El PSOE tuvo a Mata un poco a escondidas, más por el pistolón que por motivos de seguridad. A mí me lo presentó Emilio Llaneza en el Niza. El partido hizo uso de él con cuentagotas, sin permitirle demasiado relieve, desaprovechando su experiencia en materia de organización. Al monte, ya se suponía que no habría que volver. Probablemente, si hubiera encontrado un ambiente más propicio, Mata se habría quedado a vivir en Asturias.
Una de las últimas veces que estuve con él antes de su marcha definitiva a Francia fue cenando en la cocina del Niza, con otra histórica del socialismo asturiano, Marujina Fierros, cuya situación económica era muy apurada, ayudándola Emilio Llaneza cuando podía (que no era mucho).
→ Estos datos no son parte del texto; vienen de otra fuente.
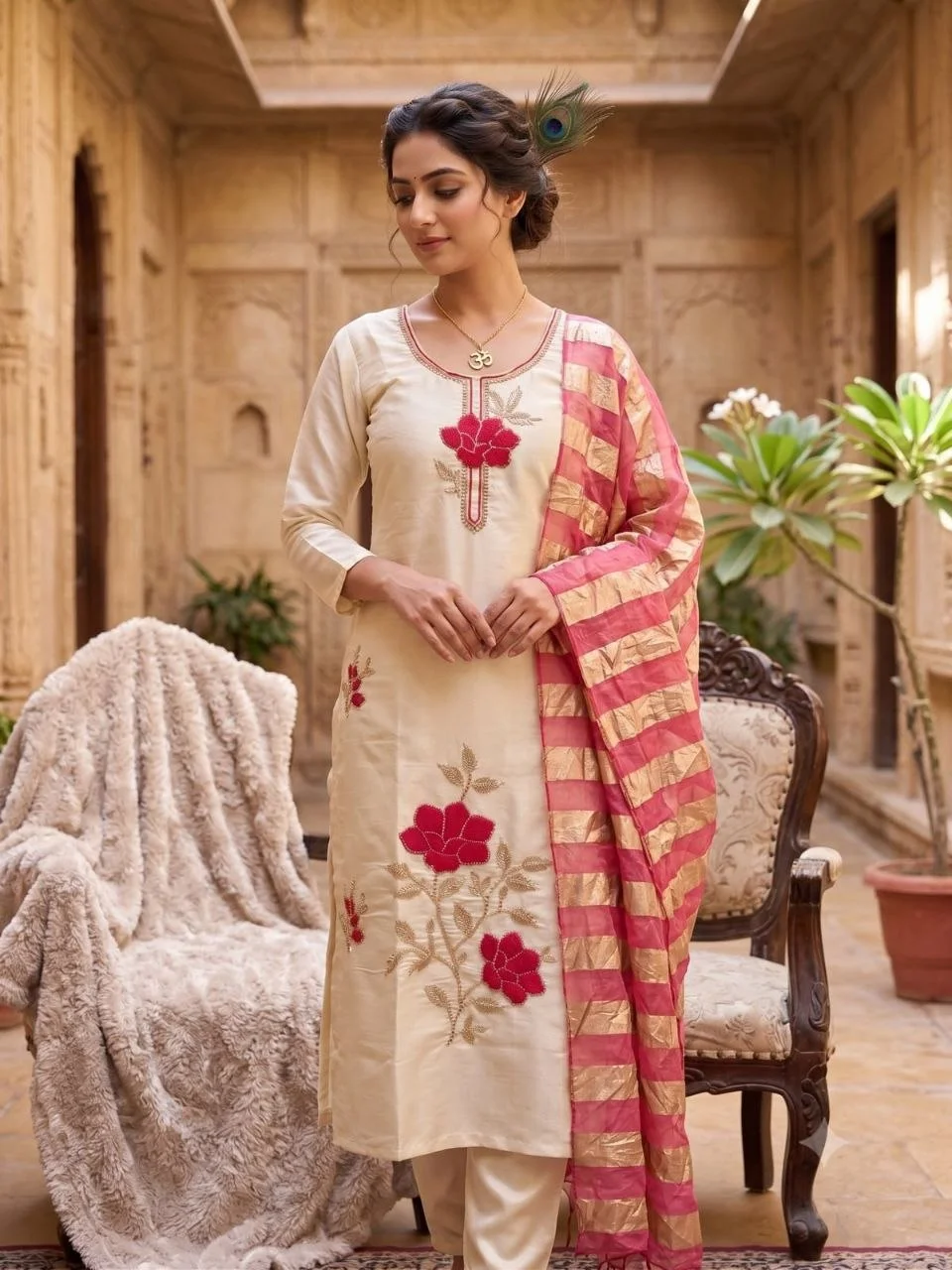 VIDALA CLOTHINGS Cream Glass Roman Silk Straight Kurti Set with Loop Work & Beads Embroidery — photo 3 of 7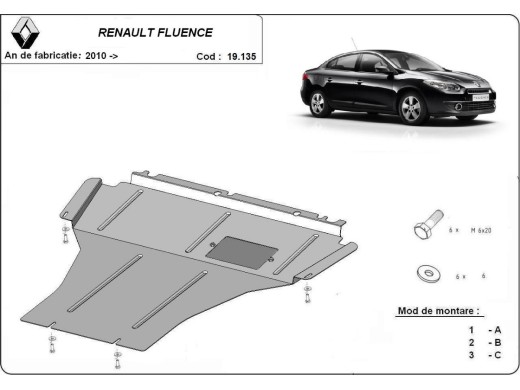 Ocelový kryt motoru Renault Fluence (2010-2015)Renault Fluence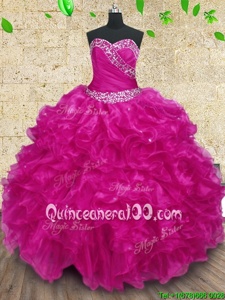 Fine Fuchsia Sweetheart Lace Up Beading and Ruffles and Ruching Quinceanera Dress Sleeveless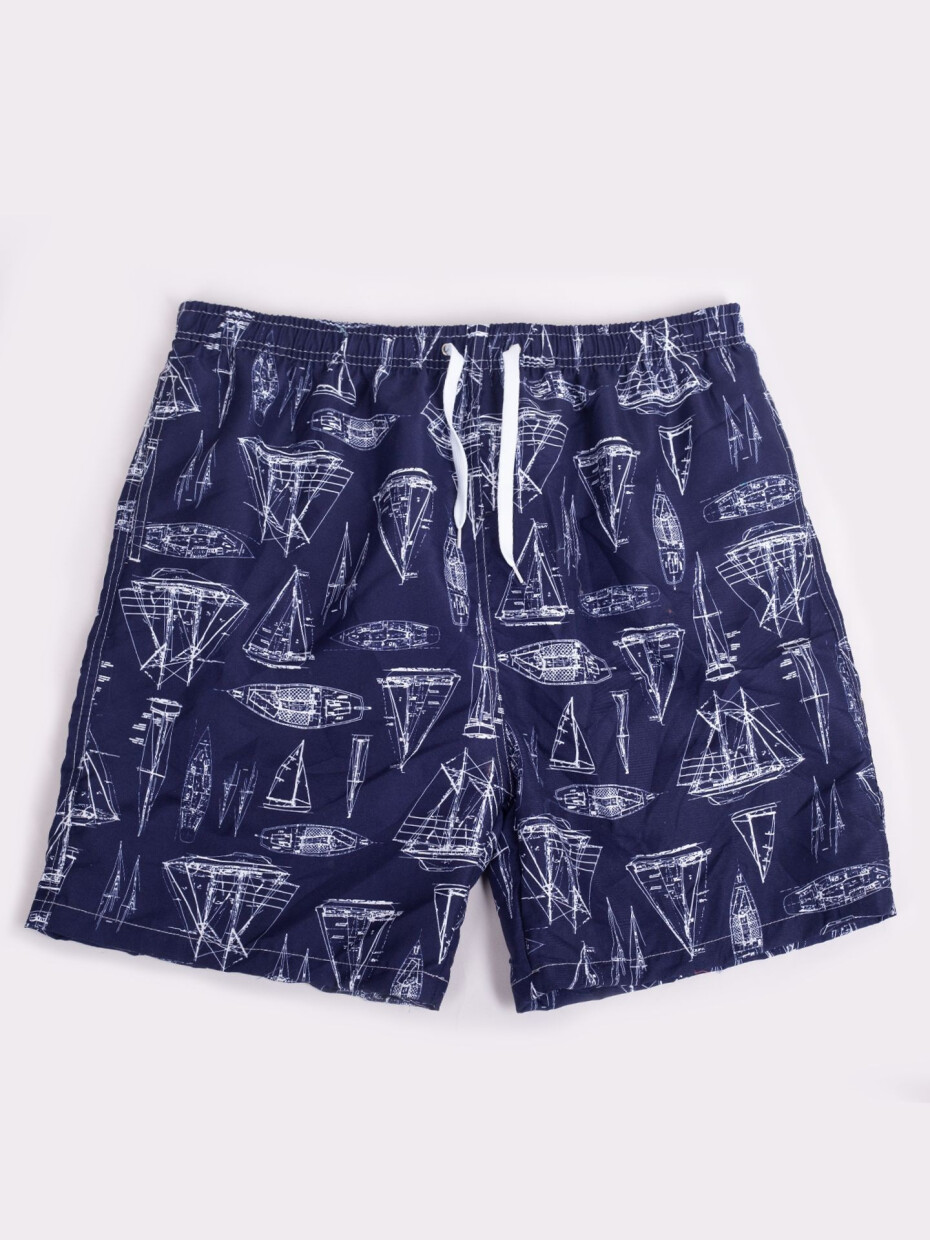 Yoclub Plavky Pánské plážové šortky P1 Navy Blue M - main (3)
Aquella noche de mayo de 1978 Mata me regaló un libro «Otra vez Don Quijote», escrito por un exiliado, G. Guerra Rivera, y dedicado a don Miguel de Cervantes y a don Julián Besteiro. Mata me lo dedicó a su vez: «Al amigo Ignacio Gracia Noriega como recuerdo y amistad». El libro, impreso en Toulouse, presenta a don Quijote y a Sancho como testigos de las convulsiones españolas hasta el final de la Guerra Civil, y se anunciaba una segunda parte. «Es un libro sencillo -me dijo Mata al entregármelo-, lo escribió un buen compañero».